It’s now been 100 days since I took on the role of Chairman and that time has flown by. I’ve witnessed the sheer breadth of work the Environment Agency does first hand and have had the pleasure of meeting some of the very dedicated and passionate staff, whose responsibilities range from designing and building flood defences to improving the quality of rivers and bathing water to regulating industry, chasing – and bringing to book – those responsible for waste crime.

The range of knowledge and expertise we put into action every day is vast. We’ve spent a busy summer repairing the damage from last year’s floods, caused during the wettest winter in 250 years. Staff have worked around the clock to deliver a huge programme of 890 flood defence projects. By the end of October, flood protection was restored to all homes affected by the winter floods.

As 2014 draws to a close, now seems like a good opportunity to look forward to some of the work we are planning for the future, designed to create a better place for people and the environment.

The Autumn Statement on 2 December saw the announcement of a £2.3 billion flood defence programme to be implemented over the next six years. This scale of investment is something we haven’t had before and the security it offers us – in the shape of a £370 million investment each year – is extremely valuable. It gives us the opportunity to place contracts which span that six-year term and allows us to plan more efficiently, saving around £235 million, which will be reinvested in the programme to provide even more projects and protection.

We’ve set out an ambitious plan, numbering more than 1,400 schemes, which will see more than 300,000 homes protected by 2021. Some of the major projects we’re putting into action include investing £73 million into the Boston Barrier in Lincolnshire which will protect up to 20,000 properties; £80 million to boost flood defences for the Humber Estuary; £42 million towards protecting homes in Oxford; and more than £196 million for the Thames Estuary Programme, a scheme which will reduce flood risk to more than one million people and £200 billion worth of property in London.
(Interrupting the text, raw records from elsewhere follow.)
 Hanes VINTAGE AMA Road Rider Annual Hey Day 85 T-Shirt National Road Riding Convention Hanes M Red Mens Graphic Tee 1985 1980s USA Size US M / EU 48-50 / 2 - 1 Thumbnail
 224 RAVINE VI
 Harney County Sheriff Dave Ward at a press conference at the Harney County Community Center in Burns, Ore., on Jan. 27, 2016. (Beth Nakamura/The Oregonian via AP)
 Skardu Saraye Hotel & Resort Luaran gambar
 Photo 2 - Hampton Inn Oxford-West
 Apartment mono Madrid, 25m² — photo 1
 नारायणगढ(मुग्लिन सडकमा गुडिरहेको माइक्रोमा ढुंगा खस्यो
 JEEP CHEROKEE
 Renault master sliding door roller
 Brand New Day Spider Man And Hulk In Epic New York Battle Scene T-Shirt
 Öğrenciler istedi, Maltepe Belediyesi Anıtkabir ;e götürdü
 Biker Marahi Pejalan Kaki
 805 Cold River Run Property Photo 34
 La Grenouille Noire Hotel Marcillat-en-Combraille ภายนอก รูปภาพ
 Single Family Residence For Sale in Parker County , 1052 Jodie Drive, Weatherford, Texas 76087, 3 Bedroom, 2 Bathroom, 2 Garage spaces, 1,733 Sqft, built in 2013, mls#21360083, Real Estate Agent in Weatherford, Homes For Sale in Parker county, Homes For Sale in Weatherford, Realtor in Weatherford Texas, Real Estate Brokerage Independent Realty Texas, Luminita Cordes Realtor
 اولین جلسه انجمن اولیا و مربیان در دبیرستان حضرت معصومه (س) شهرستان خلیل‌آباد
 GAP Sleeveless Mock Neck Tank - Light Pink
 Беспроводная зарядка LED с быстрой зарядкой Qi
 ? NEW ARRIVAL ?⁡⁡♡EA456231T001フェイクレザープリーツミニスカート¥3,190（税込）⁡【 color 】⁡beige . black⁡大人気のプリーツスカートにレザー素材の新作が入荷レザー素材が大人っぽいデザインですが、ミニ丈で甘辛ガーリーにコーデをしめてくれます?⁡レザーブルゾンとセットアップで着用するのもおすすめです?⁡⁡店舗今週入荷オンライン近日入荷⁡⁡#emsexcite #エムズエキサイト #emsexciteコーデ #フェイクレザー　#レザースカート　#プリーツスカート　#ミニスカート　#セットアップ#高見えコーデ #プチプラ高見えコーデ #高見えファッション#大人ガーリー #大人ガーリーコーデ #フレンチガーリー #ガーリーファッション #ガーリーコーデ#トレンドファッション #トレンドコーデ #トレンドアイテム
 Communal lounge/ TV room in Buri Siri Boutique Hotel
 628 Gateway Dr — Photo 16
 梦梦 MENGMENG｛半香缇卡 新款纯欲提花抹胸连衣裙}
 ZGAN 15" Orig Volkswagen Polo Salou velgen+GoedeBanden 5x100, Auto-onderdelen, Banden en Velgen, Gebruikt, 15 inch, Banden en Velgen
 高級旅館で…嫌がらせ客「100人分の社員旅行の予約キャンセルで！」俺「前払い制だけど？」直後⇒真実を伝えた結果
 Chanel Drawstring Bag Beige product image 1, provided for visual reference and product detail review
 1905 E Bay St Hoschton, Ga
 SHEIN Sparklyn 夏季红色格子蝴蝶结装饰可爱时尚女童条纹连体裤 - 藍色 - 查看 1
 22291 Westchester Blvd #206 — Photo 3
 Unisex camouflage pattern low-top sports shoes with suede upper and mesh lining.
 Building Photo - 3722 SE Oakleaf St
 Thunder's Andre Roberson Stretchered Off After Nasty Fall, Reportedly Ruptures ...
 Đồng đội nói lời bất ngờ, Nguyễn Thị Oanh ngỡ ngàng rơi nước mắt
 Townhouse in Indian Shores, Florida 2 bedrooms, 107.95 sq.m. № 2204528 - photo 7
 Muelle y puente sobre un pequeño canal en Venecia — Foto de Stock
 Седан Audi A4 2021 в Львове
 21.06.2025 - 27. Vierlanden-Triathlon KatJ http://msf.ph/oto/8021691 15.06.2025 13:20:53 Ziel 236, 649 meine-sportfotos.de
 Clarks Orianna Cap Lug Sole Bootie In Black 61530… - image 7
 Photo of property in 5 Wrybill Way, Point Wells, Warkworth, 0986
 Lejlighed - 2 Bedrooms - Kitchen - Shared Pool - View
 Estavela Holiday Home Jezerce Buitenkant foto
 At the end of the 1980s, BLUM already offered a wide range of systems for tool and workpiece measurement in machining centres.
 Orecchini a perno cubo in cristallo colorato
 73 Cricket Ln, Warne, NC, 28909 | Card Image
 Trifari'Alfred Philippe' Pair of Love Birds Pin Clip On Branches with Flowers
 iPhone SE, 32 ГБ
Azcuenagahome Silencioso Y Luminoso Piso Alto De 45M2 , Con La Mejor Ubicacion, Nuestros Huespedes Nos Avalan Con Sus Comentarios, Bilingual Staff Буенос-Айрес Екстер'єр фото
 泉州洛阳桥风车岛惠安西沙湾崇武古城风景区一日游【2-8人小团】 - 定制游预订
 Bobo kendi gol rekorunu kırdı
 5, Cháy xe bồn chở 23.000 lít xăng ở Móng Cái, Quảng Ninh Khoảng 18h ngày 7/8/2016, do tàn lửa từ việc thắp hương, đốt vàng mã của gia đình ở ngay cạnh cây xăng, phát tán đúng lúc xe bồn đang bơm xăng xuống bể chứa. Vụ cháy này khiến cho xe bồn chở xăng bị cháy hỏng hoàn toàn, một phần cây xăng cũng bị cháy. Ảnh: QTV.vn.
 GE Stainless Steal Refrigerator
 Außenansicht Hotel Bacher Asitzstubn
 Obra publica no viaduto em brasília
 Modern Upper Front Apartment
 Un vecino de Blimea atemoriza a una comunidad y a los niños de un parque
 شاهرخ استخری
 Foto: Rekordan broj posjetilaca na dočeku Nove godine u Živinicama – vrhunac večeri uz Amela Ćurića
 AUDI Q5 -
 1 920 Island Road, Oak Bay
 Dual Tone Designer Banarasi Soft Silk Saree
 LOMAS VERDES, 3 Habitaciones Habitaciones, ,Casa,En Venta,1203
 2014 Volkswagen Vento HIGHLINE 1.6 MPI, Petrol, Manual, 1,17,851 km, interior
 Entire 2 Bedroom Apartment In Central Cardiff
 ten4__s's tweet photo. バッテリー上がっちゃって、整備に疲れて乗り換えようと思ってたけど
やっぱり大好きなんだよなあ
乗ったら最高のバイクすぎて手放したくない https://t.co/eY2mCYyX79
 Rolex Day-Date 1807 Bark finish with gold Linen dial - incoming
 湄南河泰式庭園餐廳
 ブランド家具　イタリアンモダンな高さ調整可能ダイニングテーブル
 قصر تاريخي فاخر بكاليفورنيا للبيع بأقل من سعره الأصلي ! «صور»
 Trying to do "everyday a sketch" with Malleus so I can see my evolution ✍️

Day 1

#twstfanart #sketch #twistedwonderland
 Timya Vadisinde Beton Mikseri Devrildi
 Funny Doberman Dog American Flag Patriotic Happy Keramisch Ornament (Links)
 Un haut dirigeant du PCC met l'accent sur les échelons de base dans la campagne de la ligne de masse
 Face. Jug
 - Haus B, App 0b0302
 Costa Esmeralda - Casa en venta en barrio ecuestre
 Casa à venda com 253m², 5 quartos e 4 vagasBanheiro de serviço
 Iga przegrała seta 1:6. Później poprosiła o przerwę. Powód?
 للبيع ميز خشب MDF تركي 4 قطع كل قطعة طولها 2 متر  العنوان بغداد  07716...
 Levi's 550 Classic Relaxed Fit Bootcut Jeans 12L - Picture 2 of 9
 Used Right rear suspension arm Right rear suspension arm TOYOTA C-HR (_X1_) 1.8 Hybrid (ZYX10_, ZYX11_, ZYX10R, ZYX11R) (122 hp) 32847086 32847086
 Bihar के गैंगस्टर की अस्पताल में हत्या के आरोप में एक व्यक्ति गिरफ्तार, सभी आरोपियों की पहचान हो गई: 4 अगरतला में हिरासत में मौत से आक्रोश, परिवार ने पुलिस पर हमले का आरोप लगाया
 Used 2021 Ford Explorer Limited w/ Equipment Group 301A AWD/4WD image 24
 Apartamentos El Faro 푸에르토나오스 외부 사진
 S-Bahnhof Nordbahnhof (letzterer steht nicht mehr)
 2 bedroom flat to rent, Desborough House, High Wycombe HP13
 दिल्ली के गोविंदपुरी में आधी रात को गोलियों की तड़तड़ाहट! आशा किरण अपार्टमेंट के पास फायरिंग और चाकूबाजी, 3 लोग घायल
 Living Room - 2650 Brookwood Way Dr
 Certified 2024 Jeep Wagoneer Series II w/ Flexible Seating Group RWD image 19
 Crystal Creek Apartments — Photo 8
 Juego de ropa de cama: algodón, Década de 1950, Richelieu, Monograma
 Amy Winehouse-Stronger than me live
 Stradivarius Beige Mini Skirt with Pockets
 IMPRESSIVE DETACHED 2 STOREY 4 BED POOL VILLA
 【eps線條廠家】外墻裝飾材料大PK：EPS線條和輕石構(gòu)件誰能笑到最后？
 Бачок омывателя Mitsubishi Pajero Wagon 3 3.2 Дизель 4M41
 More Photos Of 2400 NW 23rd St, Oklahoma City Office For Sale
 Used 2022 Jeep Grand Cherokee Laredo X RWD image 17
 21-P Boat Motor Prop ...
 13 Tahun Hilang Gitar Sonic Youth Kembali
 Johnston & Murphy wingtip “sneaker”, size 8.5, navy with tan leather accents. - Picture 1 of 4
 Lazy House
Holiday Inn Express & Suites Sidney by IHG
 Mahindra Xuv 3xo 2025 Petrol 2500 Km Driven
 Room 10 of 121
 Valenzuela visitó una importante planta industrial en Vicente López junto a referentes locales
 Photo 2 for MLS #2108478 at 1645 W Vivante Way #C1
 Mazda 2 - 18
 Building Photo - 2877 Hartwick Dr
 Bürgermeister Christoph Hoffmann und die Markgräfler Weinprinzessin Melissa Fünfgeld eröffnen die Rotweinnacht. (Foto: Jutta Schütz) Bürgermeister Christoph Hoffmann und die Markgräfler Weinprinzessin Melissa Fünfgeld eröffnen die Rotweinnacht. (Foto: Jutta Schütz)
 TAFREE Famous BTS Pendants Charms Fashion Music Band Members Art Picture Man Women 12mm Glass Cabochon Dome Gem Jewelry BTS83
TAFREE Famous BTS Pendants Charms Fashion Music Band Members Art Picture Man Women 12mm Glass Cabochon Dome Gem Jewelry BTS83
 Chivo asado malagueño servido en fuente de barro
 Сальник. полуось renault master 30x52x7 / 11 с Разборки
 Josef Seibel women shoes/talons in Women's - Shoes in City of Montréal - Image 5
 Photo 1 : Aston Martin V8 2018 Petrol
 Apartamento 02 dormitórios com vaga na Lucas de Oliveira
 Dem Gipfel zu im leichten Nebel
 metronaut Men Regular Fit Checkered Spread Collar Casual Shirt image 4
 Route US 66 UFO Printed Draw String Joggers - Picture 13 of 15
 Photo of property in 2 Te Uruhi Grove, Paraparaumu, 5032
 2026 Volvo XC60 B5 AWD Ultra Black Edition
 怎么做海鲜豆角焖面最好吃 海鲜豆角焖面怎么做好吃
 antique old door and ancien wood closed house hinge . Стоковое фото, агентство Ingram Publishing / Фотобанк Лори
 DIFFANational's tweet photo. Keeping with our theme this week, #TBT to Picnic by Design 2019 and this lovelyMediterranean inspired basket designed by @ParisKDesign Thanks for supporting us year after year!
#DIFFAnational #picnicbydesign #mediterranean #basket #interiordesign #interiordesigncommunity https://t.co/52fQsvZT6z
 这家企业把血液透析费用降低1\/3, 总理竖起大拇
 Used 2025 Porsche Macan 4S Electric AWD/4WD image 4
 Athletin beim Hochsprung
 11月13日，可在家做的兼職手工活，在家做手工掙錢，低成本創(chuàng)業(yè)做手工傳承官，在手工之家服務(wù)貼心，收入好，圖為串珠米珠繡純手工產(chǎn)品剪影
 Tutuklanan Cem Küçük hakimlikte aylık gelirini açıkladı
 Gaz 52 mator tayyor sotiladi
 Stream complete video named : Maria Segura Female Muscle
The money invested in these flood defences will see overall benefits to the economy of £30.3 billion, including better protection of homes, transport links, commerce and industry.

The Autumn Statement allows us to plan for engineering projects that will be vital to this country's infrastructure; structures you can see and touch, which will have real benefits for people who are at risk from flooding.

But there is so much more the Environment Agency is doing behind the scenes, to improve water quality and habitat, to influence planning decisions, to increase our understanding and knowledge of our environment, that is equally as important for the future.

In just 100 days I feel as though I've become part of an organisation that is achieving significant benefits for England every day. That just makes me more excited about the years ahead as Chair of the Environment Agency.